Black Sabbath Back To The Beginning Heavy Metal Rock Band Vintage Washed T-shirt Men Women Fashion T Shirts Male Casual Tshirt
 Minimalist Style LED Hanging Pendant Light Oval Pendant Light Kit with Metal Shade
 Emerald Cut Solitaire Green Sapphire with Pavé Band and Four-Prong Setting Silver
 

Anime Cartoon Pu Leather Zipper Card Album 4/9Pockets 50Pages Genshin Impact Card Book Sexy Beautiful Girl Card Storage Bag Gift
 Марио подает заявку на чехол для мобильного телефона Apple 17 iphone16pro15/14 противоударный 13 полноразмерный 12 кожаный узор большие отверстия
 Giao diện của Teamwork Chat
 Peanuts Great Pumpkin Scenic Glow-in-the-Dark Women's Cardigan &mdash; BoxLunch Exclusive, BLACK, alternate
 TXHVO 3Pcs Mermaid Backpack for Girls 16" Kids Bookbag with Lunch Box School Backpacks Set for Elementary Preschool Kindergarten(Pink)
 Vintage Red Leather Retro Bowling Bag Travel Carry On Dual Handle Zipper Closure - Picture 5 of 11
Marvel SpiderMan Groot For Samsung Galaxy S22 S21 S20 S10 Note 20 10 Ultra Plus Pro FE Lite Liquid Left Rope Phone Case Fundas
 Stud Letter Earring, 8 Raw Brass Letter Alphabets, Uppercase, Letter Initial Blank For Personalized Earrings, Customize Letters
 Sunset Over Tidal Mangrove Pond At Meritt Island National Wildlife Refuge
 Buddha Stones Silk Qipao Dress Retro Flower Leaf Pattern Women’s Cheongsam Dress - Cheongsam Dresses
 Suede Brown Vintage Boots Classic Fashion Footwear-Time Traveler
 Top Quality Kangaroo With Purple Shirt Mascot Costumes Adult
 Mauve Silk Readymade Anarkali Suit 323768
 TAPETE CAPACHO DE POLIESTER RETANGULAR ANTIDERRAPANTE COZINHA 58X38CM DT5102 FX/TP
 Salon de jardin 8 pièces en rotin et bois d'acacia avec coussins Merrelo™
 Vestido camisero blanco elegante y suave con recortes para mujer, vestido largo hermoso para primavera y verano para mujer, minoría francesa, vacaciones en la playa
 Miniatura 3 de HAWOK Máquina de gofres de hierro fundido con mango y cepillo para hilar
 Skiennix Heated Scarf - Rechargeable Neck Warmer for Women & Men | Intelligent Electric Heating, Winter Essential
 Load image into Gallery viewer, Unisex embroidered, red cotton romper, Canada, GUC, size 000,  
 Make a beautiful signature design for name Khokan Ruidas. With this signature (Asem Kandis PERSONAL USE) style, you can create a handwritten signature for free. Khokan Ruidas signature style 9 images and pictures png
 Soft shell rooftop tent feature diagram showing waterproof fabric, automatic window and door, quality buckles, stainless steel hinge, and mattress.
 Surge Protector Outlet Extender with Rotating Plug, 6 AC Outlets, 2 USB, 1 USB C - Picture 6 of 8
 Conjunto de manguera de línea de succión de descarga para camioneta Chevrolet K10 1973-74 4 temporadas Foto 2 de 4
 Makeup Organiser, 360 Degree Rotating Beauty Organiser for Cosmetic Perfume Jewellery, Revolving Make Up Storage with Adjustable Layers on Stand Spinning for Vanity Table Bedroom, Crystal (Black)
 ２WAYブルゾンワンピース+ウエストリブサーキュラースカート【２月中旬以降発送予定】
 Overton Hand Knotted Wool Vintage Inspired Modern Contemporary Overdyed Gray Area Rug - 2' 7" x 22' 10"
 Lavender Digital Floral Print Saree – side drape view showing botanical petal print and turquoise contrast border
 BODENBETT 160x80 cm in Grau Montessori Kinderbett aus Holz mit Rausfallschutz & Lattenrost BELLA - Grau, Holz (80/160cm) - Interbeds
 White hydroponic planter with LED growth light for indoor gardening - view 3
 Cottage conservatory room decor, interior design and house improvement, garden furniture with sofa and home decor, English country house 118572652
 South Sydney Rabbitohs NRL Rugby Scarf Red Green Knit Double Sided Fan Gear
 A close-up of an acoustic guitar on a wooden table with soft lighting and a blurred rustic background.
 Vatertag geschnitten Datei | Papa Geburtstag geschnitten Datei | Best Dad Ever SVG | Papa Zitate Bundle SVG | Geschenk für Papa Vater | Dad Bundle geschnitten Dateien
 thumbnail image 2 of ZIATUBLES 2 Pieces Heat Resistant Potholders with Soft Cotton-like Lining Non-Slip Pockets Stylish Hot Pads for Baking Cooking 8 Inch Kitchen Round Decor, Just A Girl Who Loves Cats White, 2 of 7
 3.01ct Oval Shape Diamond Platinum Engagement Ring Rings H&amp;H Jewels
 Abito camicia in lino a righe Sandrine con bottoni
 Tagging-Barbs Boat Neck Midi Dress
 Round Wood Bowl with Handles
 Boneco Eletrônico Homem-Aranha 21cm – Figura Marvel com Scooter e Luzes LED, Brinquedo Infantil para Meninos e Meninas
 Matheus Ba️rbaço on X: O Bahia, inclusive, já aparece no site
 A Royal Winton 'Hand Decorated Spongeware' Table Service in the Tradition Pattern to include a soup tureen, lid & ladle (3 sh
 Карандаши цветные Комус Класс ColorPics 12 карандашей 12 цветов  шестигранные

• ACTIVITY: Find the string "Women" in the material above, and report every line where it occurs.

• RESULT OF THIS EXERCISE:
Black Sabbath Back To The Beginning Heavy Metal Rock Band Vintage Washed T-shirt Men Women Fashion T Shirts Male Casual Tshirt
 Peanuts Great Pumpkin Scenic Glow-in-the-Dark Women's Cardigan &mdash; BoxLunch Exclusive, BLACK, alternate
 Buddha Stones Silk Qipao Dress Retro Flower Leaf Pattern Women’s Cheongsam Dress - Cheongsam Dresses
 Skiennix Heated Scarf - Rechargeable Neck Warmer for Women & Men | Intelligent Electric Heating, Winter Essential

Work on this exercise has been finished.